Montana starts planning ahead 

The future of planning is alive and well in both rural and urban Montana. From the development of county growth policies to a review of Montana’s present planning laws by a national planning group, the subject is one of high interest.

Ravalli County took a significant step toward establishing a growth policy last week when the county commissioners named 11 members to the recently reformed county planning board. The board’s major priority is to develop a growth policy for the county, which is among the fastest growing in the state.

Only one member, Tom Rufatto, is a member of the former board. He serves as representative of the Bitterroot Conservation District and was appointed to serve by that agency’s board. The former planning board was dissolved last fall after the commissioners discovered that it had never been legally formed by resolution. All former planning board members and many other citizens vied for positions on the new board.

From a field of 55 possible candidates, the commissioners interviewed about two dozen citizens. The 10 new members include: Joel Dubose, Neil Crawford and Frankie Liable (at-large representatives), Jim Broulette of Florence, Dale Linhart of Lone Rock, Jack Pfau of Stevensville, James Buker of Victor, J.R. Iman of Corvallis, Sonny LaSalle of Hamilton and Harriet Gibson of Darby.

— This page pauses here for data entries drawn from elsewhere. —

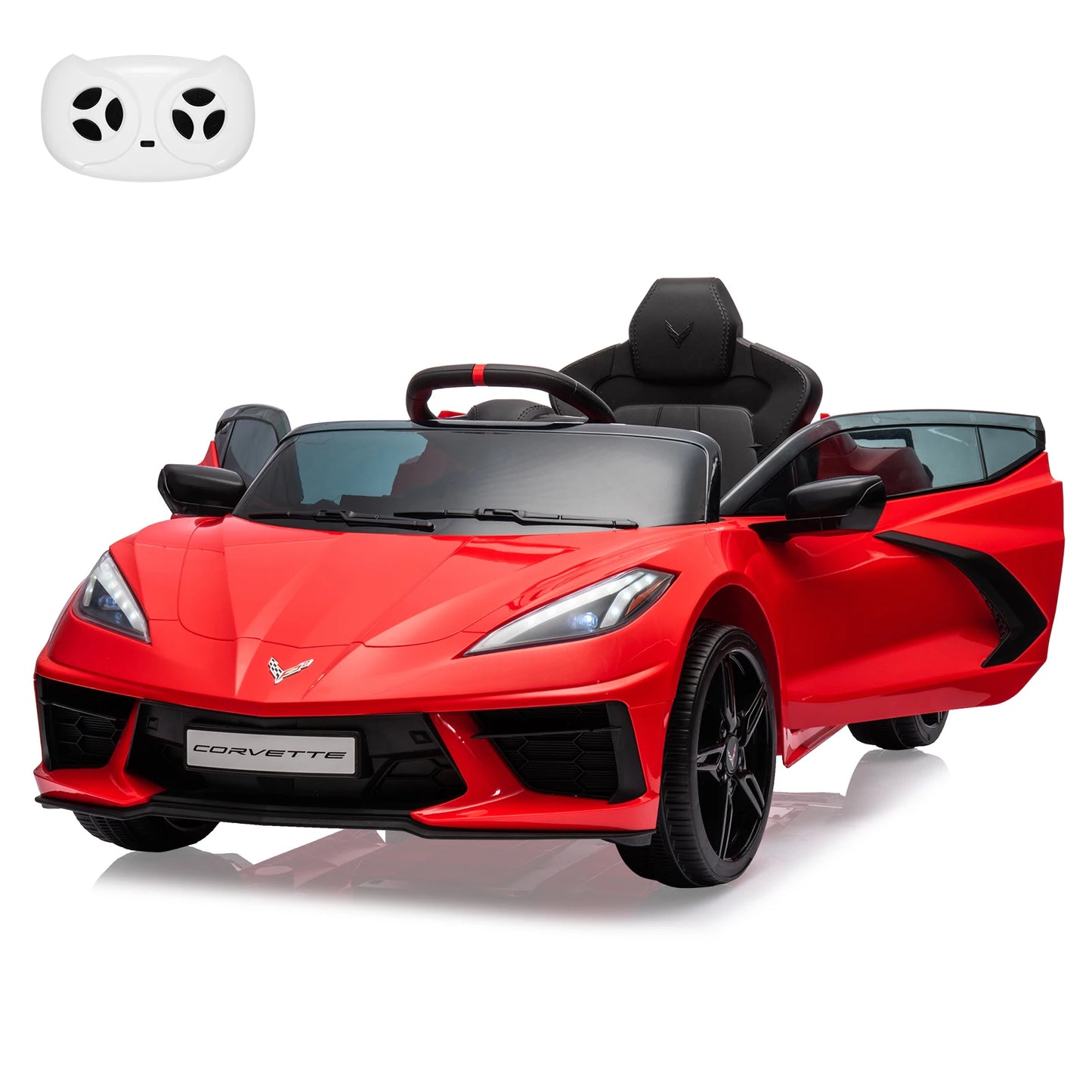 12V Kids Ride on Car Battery Powered Toddlers Electric Sports Car Toy with Remote Control,Visual Dashboard,LED Lights,Music 3-8Y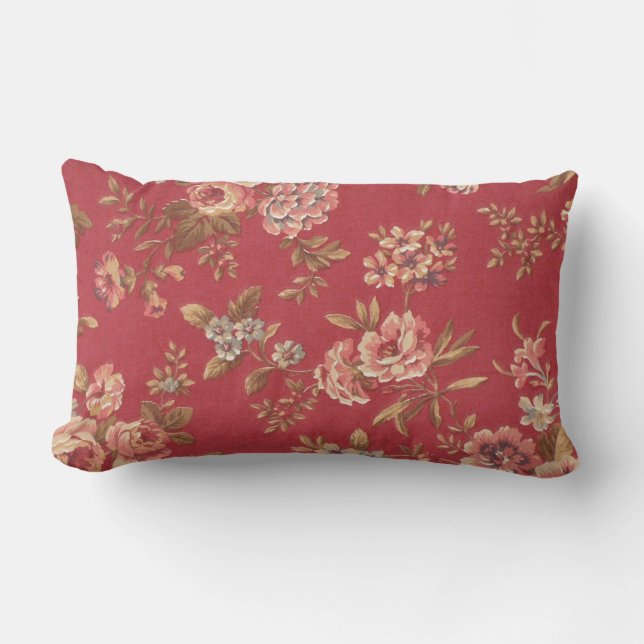 Almofada Lombar Rosas rosas vermelha femininos elegantes de Brown (Frente)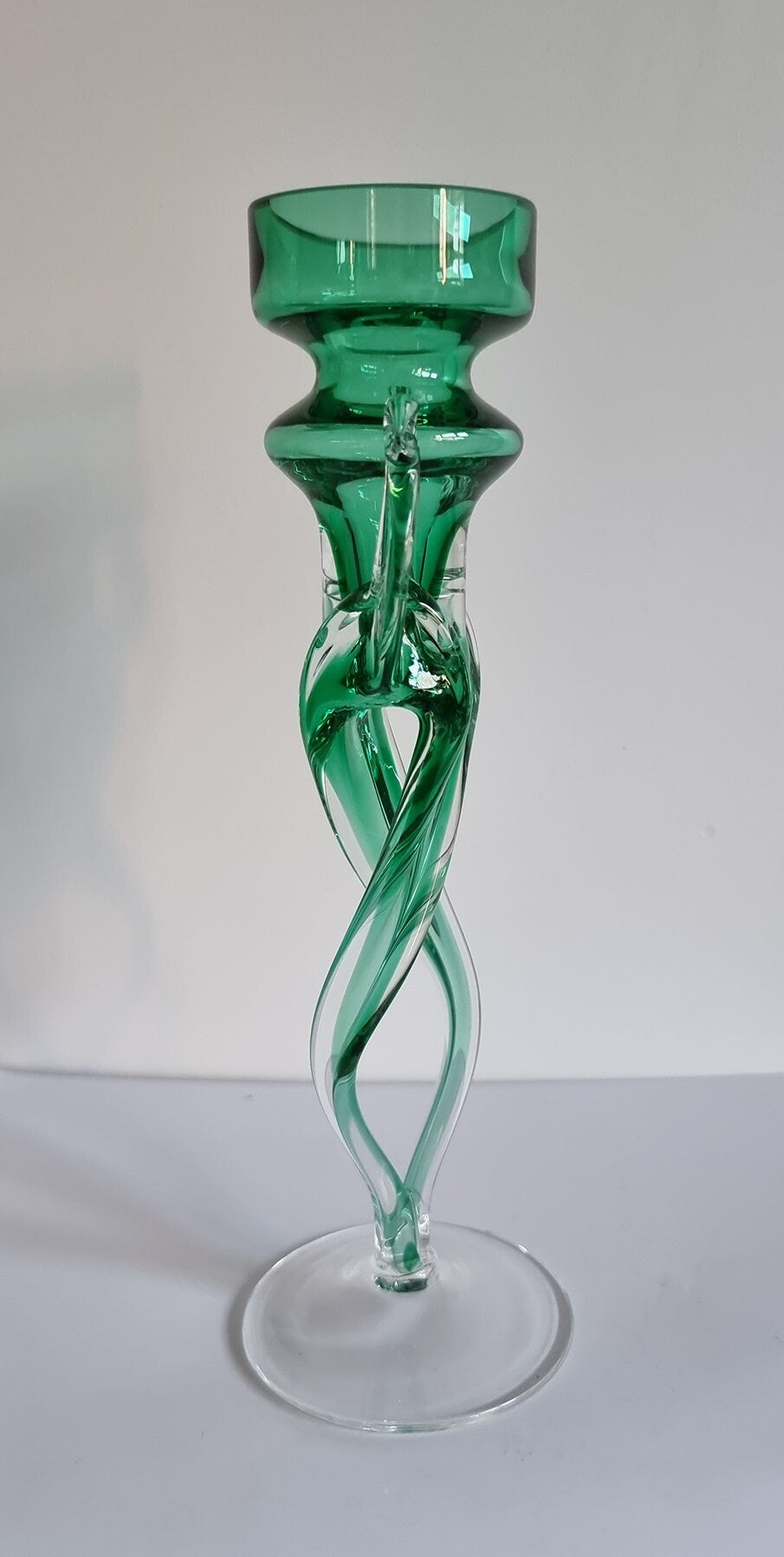 Vintage Jozefina Krosno Green/Clear Art Glass Candlestick/Tealight Holder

The new board will have to deal with growth issues that affect Ravalli County but other groups are looking at the issue on a statewide basis. For example, the Montana Smart Growth Coalition is hosting a series of focus groups around the state to take an in-depth look at Montana planning laws and policies on growth management.

The local coalition is working with the American Planning Association (APA). Stuart Meck and Marya Morris of the APA are facilitating the Montana meetings. The focus groups are by invitation only and invited participants are sent a list of 21 questions dealing with Montana planning legislation. Participants are asked to consider and formulate possible answers before coming to the meetings.

One such meeting was held in Ravalli County at the Stevensville Wye on Monday with 15 county residents invited to attend. Among those invited was Dubose, the acting chairman of the new planning board and Fred McBride of Bitterrooters for Planning, who is also a former county planning board chairman.

The coalition hopes to have a draft report of their findings out by early summer and a final report issued by fall.